Determinism doesn’t say that technology is unstoppable, but rather, that it forecfully pushes itself in the direction of greater advancement mostly independently of human control. So although we can influence the development of technology somewhat, it is nevertheless a strong force with great momentum that is hard to influence.

The position of technological determinism is a minority view, whereas the majority of people take the instrumentalist view: that technology is merely a tool. However, there is one major point for determinism that cannot be overlooked: the prisoner’s dilemma, as I have talked about at length.

In short, this says that any new technology will inevitably be developed and used since it gives individuals advantages over others in a wide variety of situations, and thus basic human instincts together with our social structure is a growth medium for advancing technology.

Instrumentalism, or the view that technology is just a set of tools freely created by humans, is intuitive because without human action, technology cannot develop. However, determinism does not contradict the fact that humans create technology through their own action.

Instead, determinism merely says that the large-scale effects of humans interacting together in a social system with all their instincts create a system such that the advancement of technology is inevitable, and thus technology proceeds inexorably due to the emergent phenomenon of people doing things for their own benefit.

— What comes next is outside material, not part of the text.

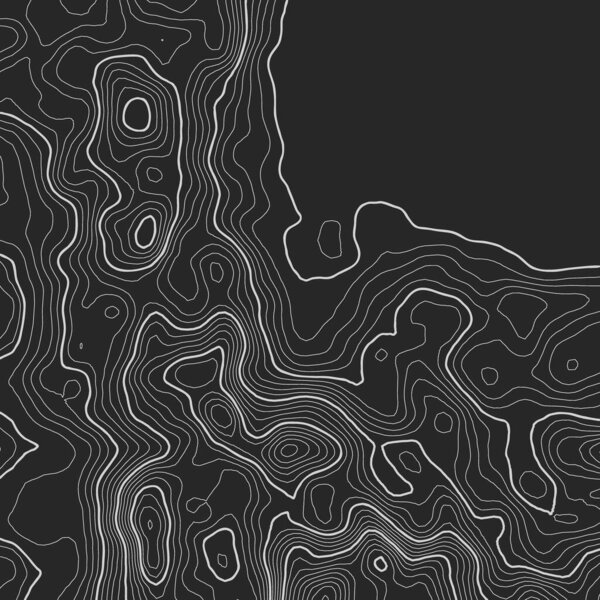 Topographic map background with space for copy . Line topography map contour background , geographic grid abstract vector illustration . Mountain hiking trail over terrain .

Can determinism be overridden?

The main consequence of technological determinism is that it grows without end and is almost impossible to stop. Of course, it is not truly impossible to stop. The collapse of civilizations often slows it down or can even stop its progress. And in small groups, technology may not grow at all.

Technology is like a virus with no cure growing in your body. Can you stop it? It might be possible, but it is unlikely. A virus is not alive, but it operates with a rule that makes your cells copy it. Technology operates like that: it provides a set of strong incentives to copy it and improve it, and we respond instinctually to those incentives. Of course, any individual can respond by not copying the virus of technology, but because the incentives provided by technology are so strong, most people really cannot do anything but copy it, me included.

The cure for technology is for an overwhelming majority to choose not to copy the virus of technology. In other words, technological determinism is not absolute, but the cure for it is very difficult to find, probably much more difficult to find that trying to find a cure for some human viruses.